Google hotels scraper for hotel details and contact data

The Google Hotels scraper extracts hotel name, rating, review count, star classification, address, phone number, photos, and source URL from a Google Hotels property page. Travel data teams, pricing analysts, and booking operations teams use it when they already have hotel URLs and need structured JSON.

The scraper works best in pipelines that start with known property pages. If your pipeline starts with a city search, date range, guest count, or filtered listing, run the search scraper first. Then pass each hotel entity URL into this extractor.

How to use this scraper

The Google Hotels Scraper job pipeline, from input to stored output.

ScrapeNow has two Google Hotels scrapers. They accept different URL types and return different record shapes.

Scraper	Use it when	Input
Extract Google Hotels data	You have a specific hotel property page	Google Hotels entity URL
Search Google Hotels by filters	You have a hotel listing or filtered search result	Google Hotels listing URL

This guide uses the Extract Google Hotels data. The same API request flow works across ScrapeNow’s Google scrapers, including hotel search, flights, maps, and AI search extraction.
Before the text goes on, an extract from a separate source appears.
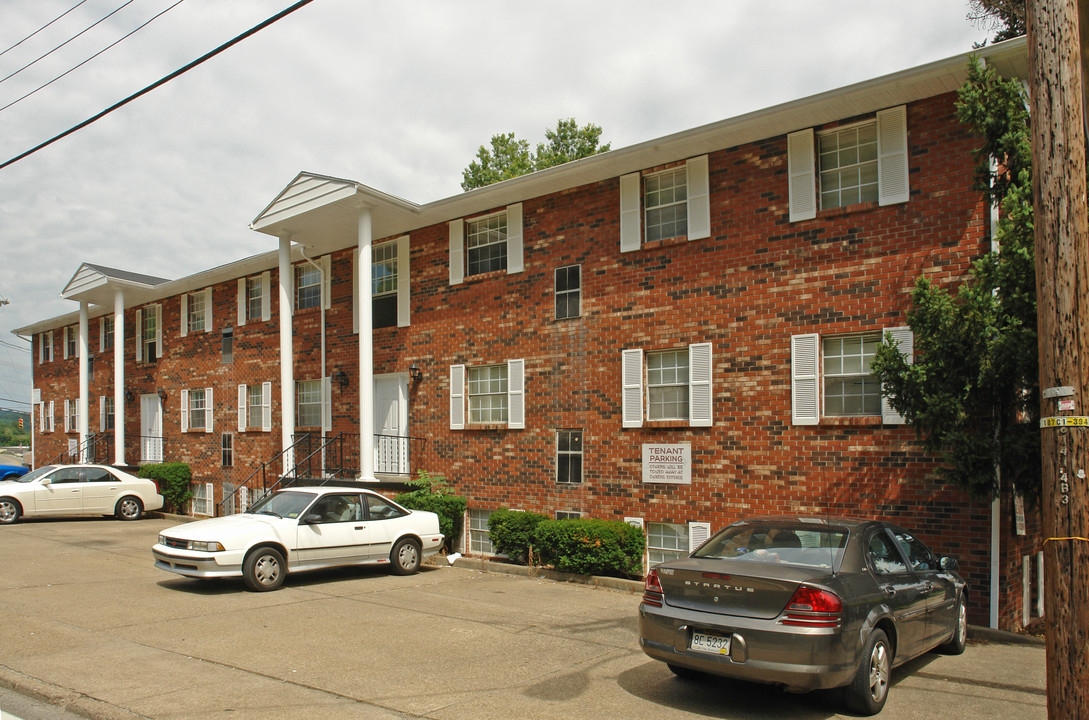 4832 Kanawha Tpke in Charleston, WV - Building Photo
Use the extract scraper for profile fields. Use the search scraper for result sets, availability views, and filtered hotel lists.

Step 1. Get the hotel URL

The url input must point to a specific hotel or residency in Google Hotels. It must start with https://www.google.com/.
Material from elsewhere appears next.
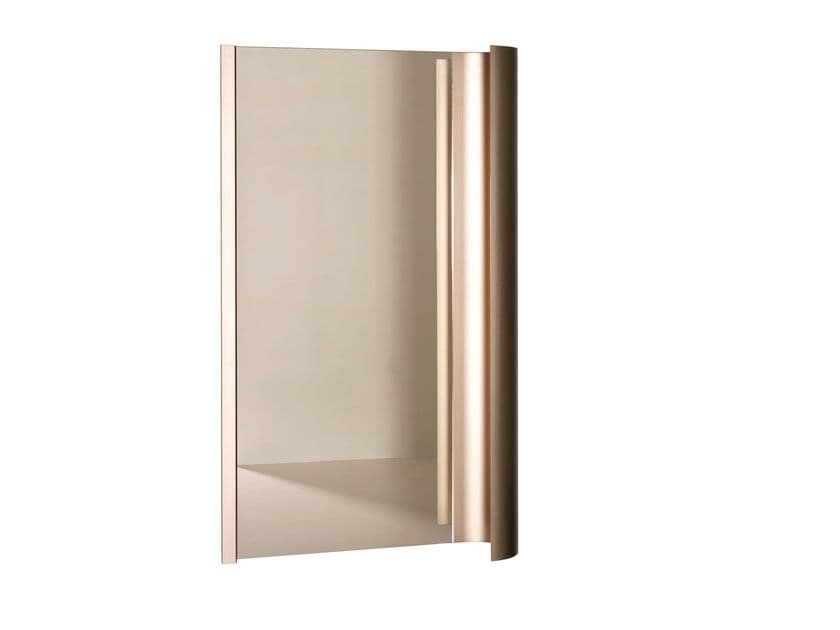 Tacchini
ANCORA
Rectangular wall-mounted mirror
Open google.com/travel, then click the Hotels option in the top navigation.

Google Travel Hotels tab showing Paris hotel results beside map

Google Hotels paris hotels search box and date guest fields highlighted

Enter the location, booking dates, and guest count. These inputs shape the Google Hotels page you open.

Choose the target hotel from the search results.
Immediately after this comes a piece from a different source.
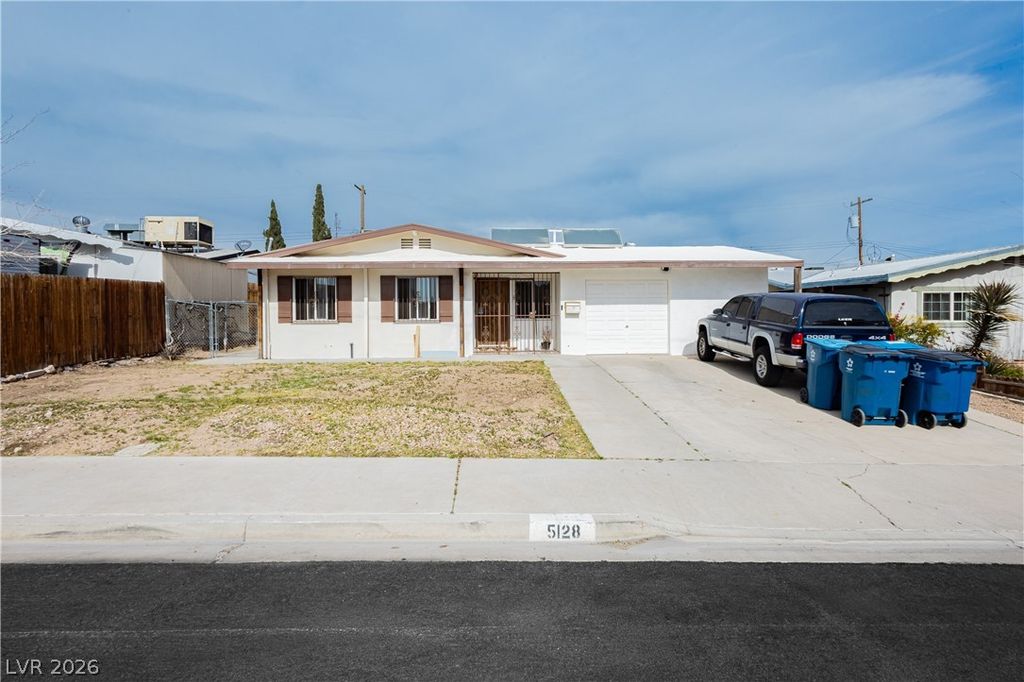 5128 Doe Avenue, Las Vegas, NV 89146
Google Hotels results highlighting ibis budget Courbevoie Paris La Defense card

Google Hotels ibis budget detail panel with Open in new tab highlighted

On the hotel result page, click the Open in new tab button next to the hotel name.

Google Hotels ibis budget entity page URL highlighted

Copy the URL from the browser address bar. Keep the full URL, including the entity ID and query string.

A valid entity URL usually contains /travel/hotels/entity/. Reject URLs from general Google Search results before sending jobs.

Step 2. Set the country code

The country input is optional. For API usage, send it as a two-letter ISO 3166-1 country code string.

Examples:

{
  "country": "US"
}

{
  "country": "GB"
}

Use US for United States, CA for Canada, and AU for Australia. Store country codes in uppercase before building jobs.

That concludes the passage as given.